- **WORK TO BE COMPLETED**: Would you copy, word for word, each line from the one with "Видео: ШАЙТАН-ТОЧИЛКА! TSPROF" to the end of the listing below, skipping all pictures?

- **RECORDS SUPPLIED**:
---

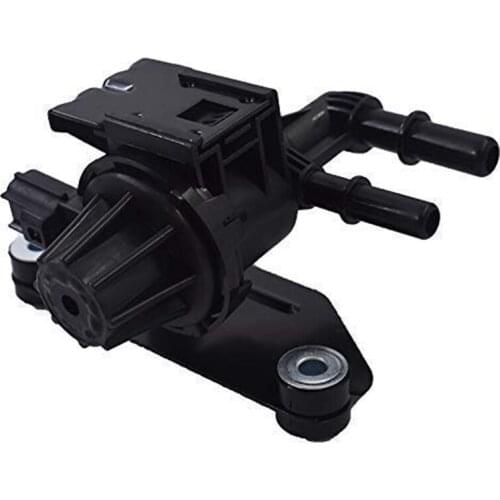 Evaporative Purge Valve 6L3Z9C915A,4L3Z9C915AB,5L3Z9C915AA Automotive Solenoid Valve for 04-06 F150 Navigator V6 5.4L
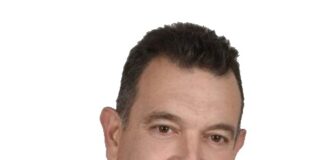 Περιοδεία του Νίκου Παπαδόπουλου την Τετάρτη στην Αιτωλοακαρνανία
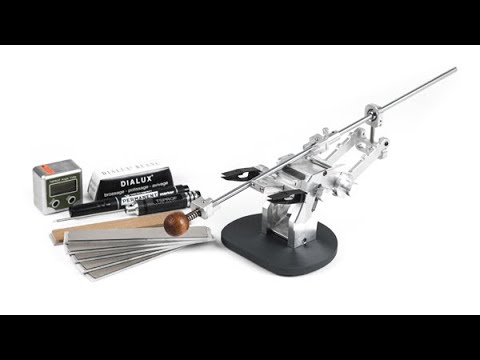 Видео: ШАЙТАН-ТОЧИЛКА! TSPROF BLITZ 360 (Блиц) - стоит или нет?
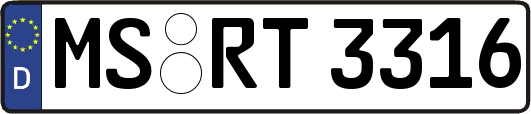 MS-RT3316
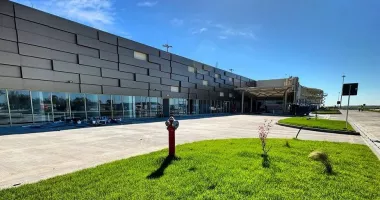 Aeroportul Internațional Mihail Kogălniceanu Constanța, pas major către independență energetică
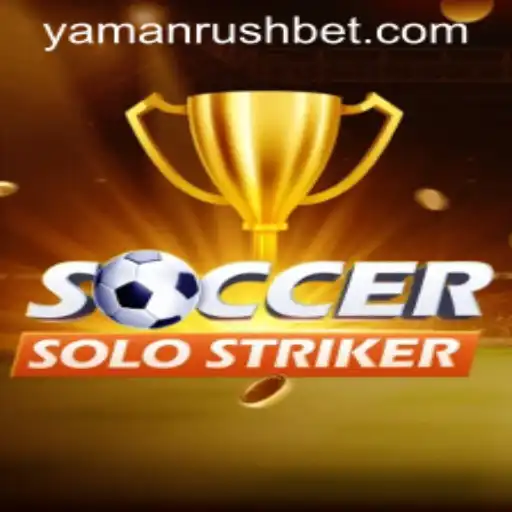 Unveiling SoccerSoloStriker: A New Era in Solo Soccer Gaming with YamanRush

---

- **RESPONSE**:
 Видео: ШАЙТАН-ТОЧИЛКА! TSPROF BLITZ 360 (Блиц) - стоит или нет?
 MS-RT3316
 Aeroportul Internațional Mihail Kogălniceanu Constanța, pas major către independență energetică
 Unveiling SoccerSoloStriker: A New Era in Solo Soccer Gaming with YamanRush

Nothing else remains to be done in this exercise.